### Given information
Segment Open

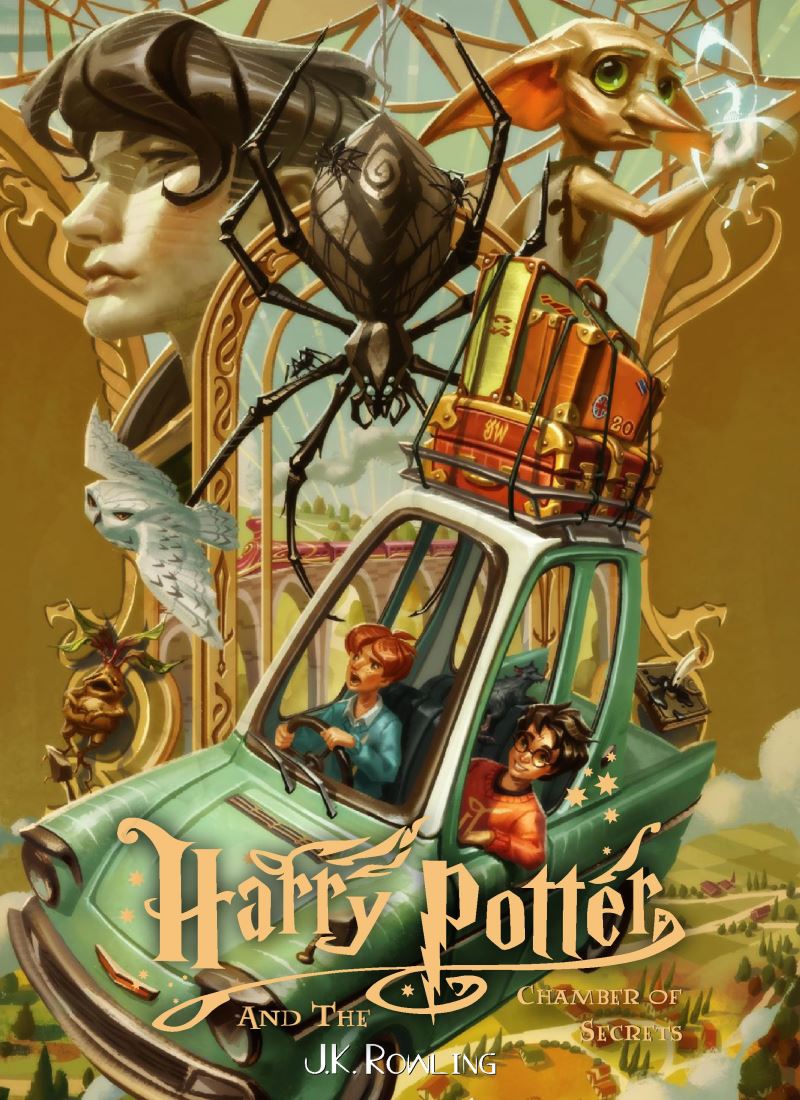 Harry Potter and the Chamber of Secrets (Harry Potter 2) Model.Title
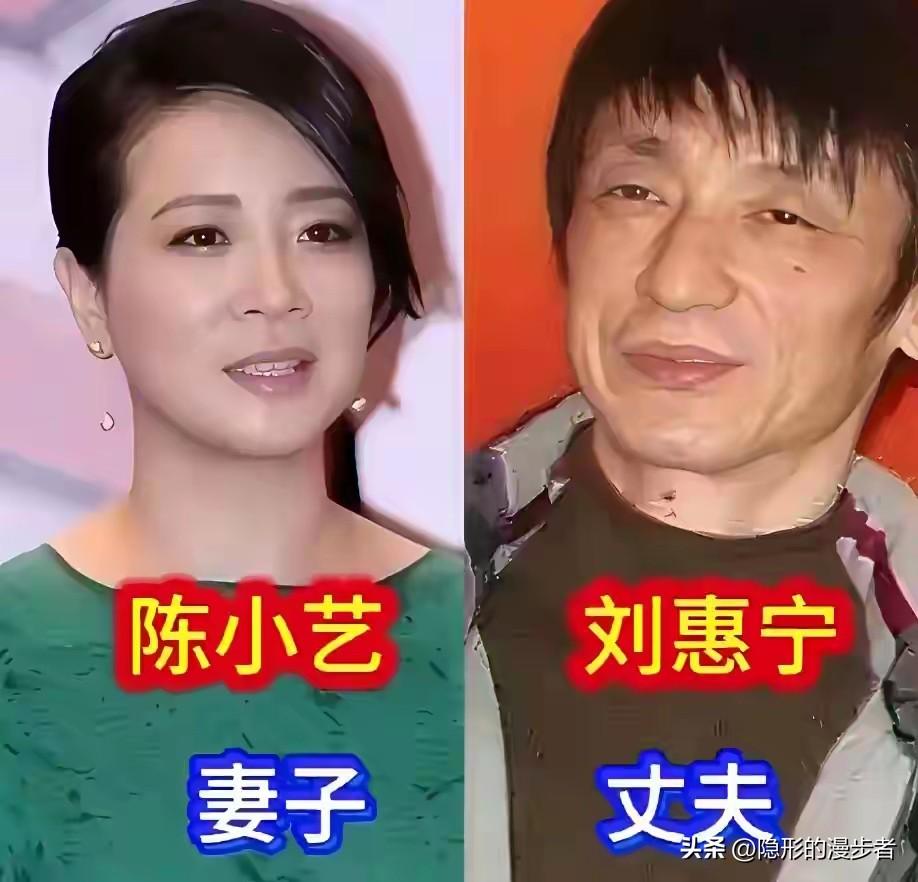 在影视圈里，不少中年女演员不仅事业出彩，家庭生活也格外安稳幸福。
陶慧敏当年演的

Segment Closed

### Task objective
Leave the pictures out and output all of the data verbatim.

### Task answer
 Harry Potter and the Chamber of Secrets (Harry Potter 2) Model.Title
 在影视圈里，不少中年女演员不仅事业出彩，家庭生活也格外安稳幸福。
陶慧敏当年演的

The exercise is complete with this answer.